I have a joke when drinking wine. The taste, texture, aroma and experience are all good, but someone should fix a flaw in it. Because all wine seems to have this problem where it stops working. There you are, one moment listening to the greatest hits of the 1980s and thinking how great everyone around you is, and the next you are sitting, feeling grouchy and disconsolate with a headache. This is a problem with other substances of use and abuse as well. You can not permanently stay in a state of ecstasy and exhalation. This is also the problem with material possessions and success. Even if it was possible to have all the possessions you desired, the pleasure of it would wear off soon enough.

If you have completed adolescence and do not have a personality disorder, this is something that you have come to accept.

I think, however, our society has one major loophole, big enough for us to drive a truck through, with the truck in question being our narcissism. And that loophole is Love, aka Wuv. Maybe we can accept that we will never be the most beautiful, rich and talented person around us, but the concept of love gives us a way to imagine that we are important and will be able to live in a state of perpetual exhilaration. But unlike making it a goal to stay permanently high on opium or cocaine, the idea that love can provide perpetual excitement is not seen as either selfish or unrealistic, but instead is seen by many as a laudable thing.

This is not just related to romantic love, either. The love of missionaries, whether religious missionaries or secular missionaries is another example. By loving and caring for others, the missionary is a hero who is connected to some higher power, whether it is God or "social progress". In this case, the narcissism is just connected to something larger, and more hidden.

This being explained, we can return to the title of this writeup: entertain evil thoughts. Although I don't know if "evil" is the term I would use, since "evil" is too associated with something demonic, twisted and occult. These "evil" thoughts are perhaps the most mundane, reasonable things to think about. Life is full of frustration, disappointment, anger, loss, resentment, and admitting what is a low level background white noise of negative emotions caused by everything from a slow-moving line at the DMV to the betrayal of friends is hardly "evil". It makes much more sense to focus on the emotions and thoughts we mostly experience, rather than to try to pretend our lives are about us being either the slayers of evil, or saviors of the world.
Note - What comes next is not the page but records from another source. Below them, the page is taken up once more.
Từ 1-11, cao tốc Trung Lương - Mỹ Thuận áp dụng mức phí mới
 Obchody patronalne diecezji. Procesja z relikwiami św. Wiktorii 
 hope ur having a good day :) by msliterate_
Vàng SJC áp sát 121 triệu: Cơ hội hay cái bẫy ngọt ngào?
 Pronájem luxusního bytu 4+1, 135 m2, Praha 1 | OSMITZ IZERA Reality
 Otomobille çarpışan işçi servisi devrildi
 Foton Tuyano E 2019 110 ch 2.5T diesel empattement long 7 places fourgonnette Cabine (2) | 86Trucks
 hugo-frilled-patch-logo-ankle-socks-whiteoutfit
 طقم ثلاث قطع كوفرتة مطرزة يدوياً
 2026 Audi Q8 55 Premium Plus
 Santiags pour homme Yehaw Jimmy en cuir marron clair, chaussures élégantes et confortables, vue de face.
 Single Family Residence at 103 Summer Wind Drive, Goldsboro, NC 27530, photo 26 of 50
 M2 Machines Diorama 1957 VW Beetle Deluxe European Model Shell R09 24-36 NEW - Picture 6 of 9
Because the truth of the matter is, that emotionally as well as spiritually, we may at some point be dying, afraid and in terrible pain. And to me, while I can easily conjure up memories of being ten miles up a mountain gravel road, dehydrated, and with the realization that my tooth has become inflamed enough that touching my tongue against it sends electrical shocks through me, and I can easily conjure up the feeling that no matter how much I want her to, and no matter how easy it is for her, she is not going to answer her telephone. But it is much more elusive for me to remember thoughts of being understood, in harmony and at good terms with the world around me. A step in spiritual growth is to accept the world as it is, not as we wish it to be, and it therefore means that we should accept the world, and ourselves, for the evil within.